まあそのへんは掘ってもしょうがない部分なんだが、バイオグラフィーなんかを見てると、一度目の結婚は22歳で幼馴染としているみたいだし、世に言ういわゆる恋愛のようなものには、基本的には大して興味のない人だったんだろう。というか、人間全体は好きでも、べたべたした人間関係は嫌いそうな感じがする。とても。そのへんは深沢七郎と似た感じか。小生が個人的に特に好きな作家の実人生は大体二パターンに分かれていて、片方はヴォネガットや深沢のような、人間全般に対する情のようなものは持っていても、激情、感情の昂りとは無縁のタイプ。もう片方は、三回、四回と離婚している破滅型タイプ、という。まあこれは深く考えるといろいろ恐いので考えないことにする。

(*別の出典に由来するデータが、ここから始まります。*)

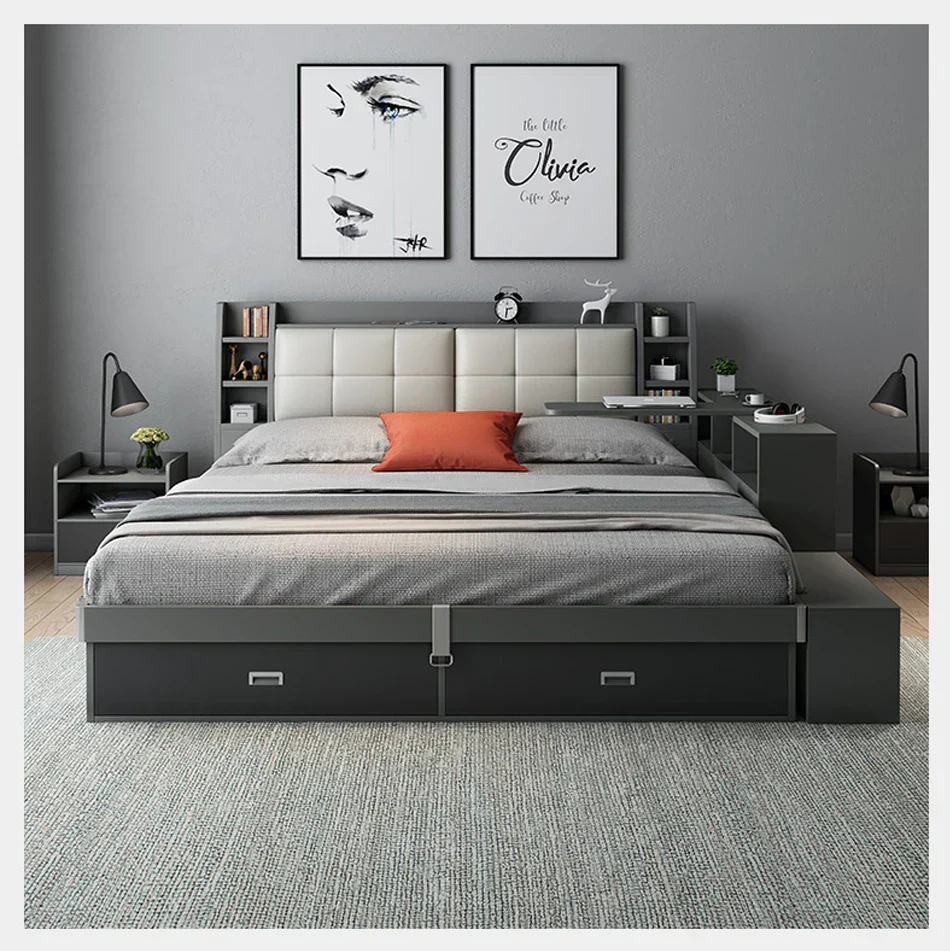 King Space Wooden Built-In Storage Modern Tatami Bed - Image 4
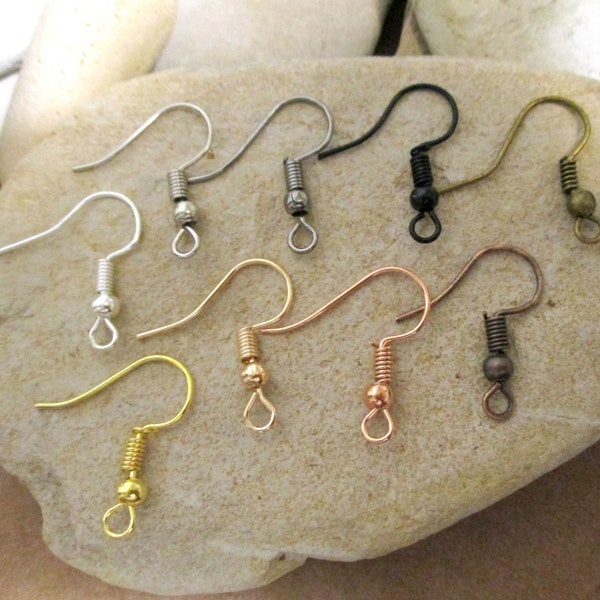 20 Ear Wires | 9 Colors | Fishhook Earring Hooks | Gold, KC Gold, Rose Gold, Gunmetal, Bronze, Black, Copper, Antique Silver, Bright Silver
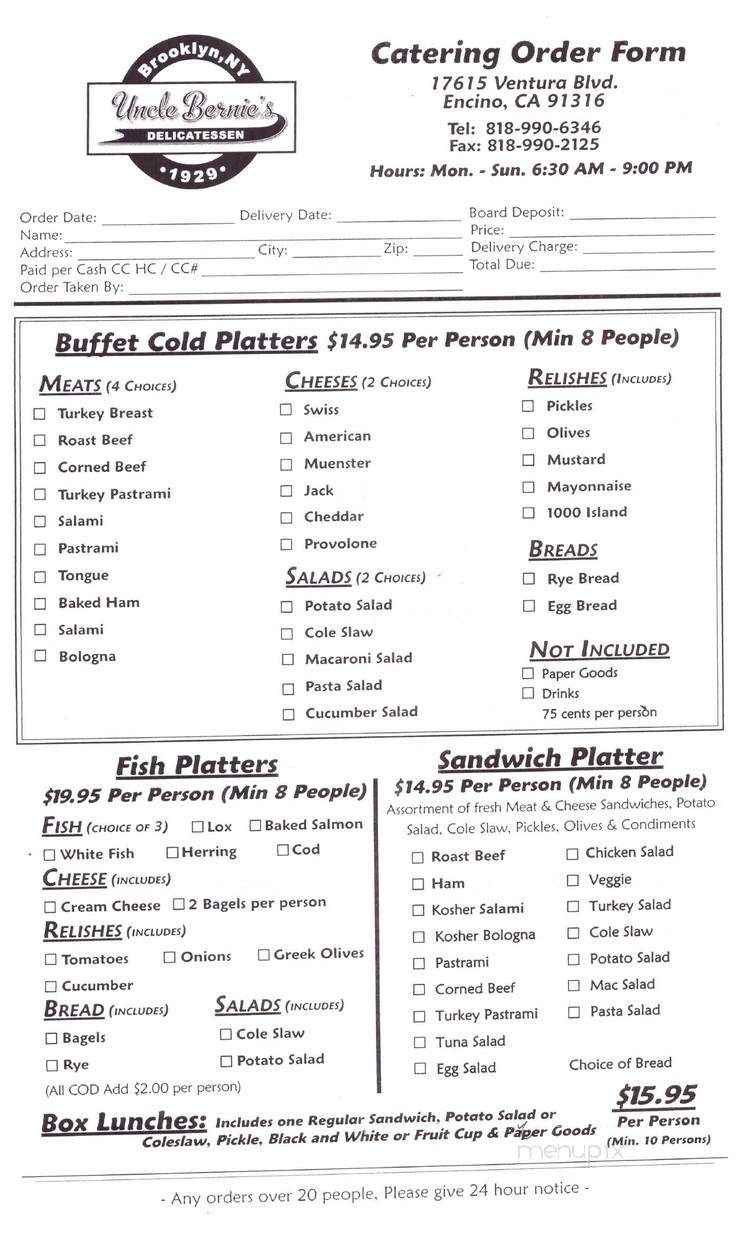 Fromin's - Encino, CA menu_pic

昨日に続きnu3号を読んだ。今日は、大谷・三田対談。あまりの長さにびっくりしたが、かえってこのぐらい長いほうが面白いかな、とも思った。三田氏の学生時代の話はいろいろオモロかった。いわゆるセゾン系に近い文化的な磁場は今どこかにあるんだろうか。小生の知らないところで、みんなこっそり盛り上がっていたりするんだろうか。まあたとえそんなシーンなんかがあっても、そういうノリは気持ち悪いから俺は勝手にやろう、と間違いなく考えてしまうだろうから、あんまりあってもなくても関係ない気がするが。でもやっぱり三田氏の話読むとうらやましいと思う部分はあった。さすがに。

あとは、三浦和義が自殺したということで、疑惑の銃弾特集最終回がのっていた文春も一応買って読んだ。遺書が出てきていない以上、どう盛り上げようとしても限界があるわなあ、という感じが。最後の一言が、アイムスペシャルだった、という釣り広告の文句に思いっきり釣られクマーで買ってしまったが、そのくだりもたいしたことなかったし。